Le plan européen, une nouvelle fuite en avant ?

François Morin

Le plan européen adopté ce dernier week end se décompose en deux parties distinctes. Les gouvernements ont mis en avant le plan d’aide de 750 milliards. Mais, le plus important est probablement la décision de la Banque Centrale Européenne de pouvoir intervenir directement sur les marchés financiers, en rachetant la dette des États. Le trait commun de la décision bruxelloise et de celle de Francfort est manifestement de gagner du temps. Les mesures d’urgence ont pour objectif d’une part d’éviter que la crise actuelle de refinancement des États membres de la zone euro trop endettés se transforme en crise de solvabilité, et d’autre part de répondre à la crise de liquidité qui, de nouveau, affectait les marchés interbancaires. Une fois de plus, les marchés financiers ont eu gain de cause, car pour répondre à la crise on va d’une part rajouter de la dette au surendettement des États, et d’autre part, on va injecter de nouveau, et à grande échelle, des liquidités sur les marchés monétaires et financiers. De quoi former de nouvelles bulles gigantesques. Bref, en ne changeant pas les logiques qui ont été à l’origine de la crise financière, et qui sont toujours à l’œuvre, le plan européen n’est, une fois de plus, qu’une fuite en avant…

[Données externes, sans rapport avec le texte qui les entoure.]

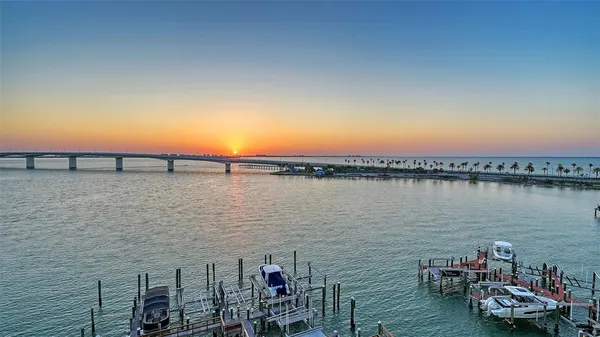 $5,600,000 | 280 Golden Gate Point, Unit 600, Sarasota, FL 34236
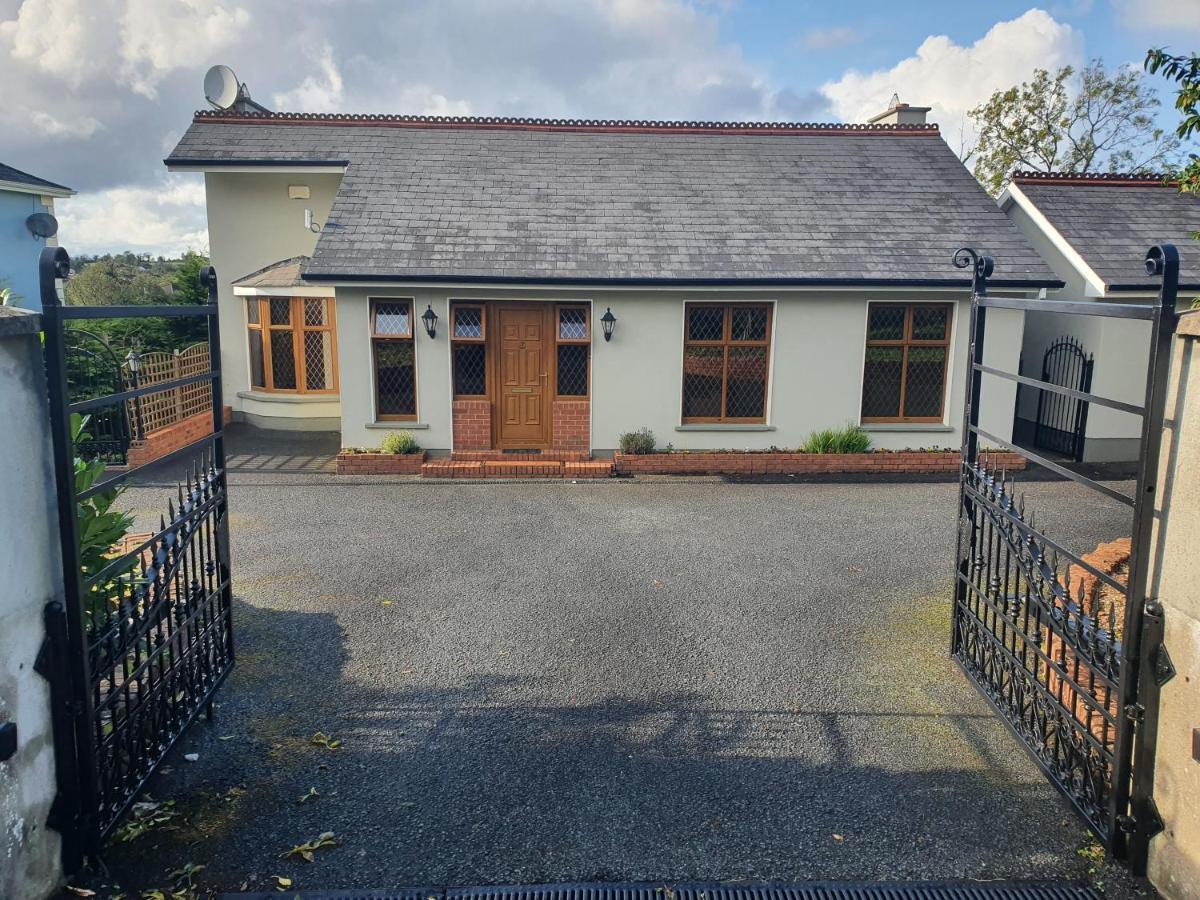 Hillcrest House Bed & Breakfast Carrick on Shannon Екстериор снимка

1 - Le volet le plus important du plan européen est en réalité la décision de la BCE d’intervenir sur les marchés de dettes publiques et privées pour apporter de la liquidité aux marchés obligataires. Quelques minutes à peine après l’annonce de l’accord intergouvernemental à Bruxelles, la Banque centrale dévoilait par communiqué son intention de commencer à acheter de la dette publique et privée de la zone euro. Il s’agit clairement d’une décision historique de l’institution de Francfort qui, la semaine dernière encore, était restée sourde aux appels en faveur de l’utilisation de ce type de mesures. L’intervention de la BCE sur le marché obligataire s’apparente à une décision de dernier ressort qui ne peut qu’écorner son image d’indépendance.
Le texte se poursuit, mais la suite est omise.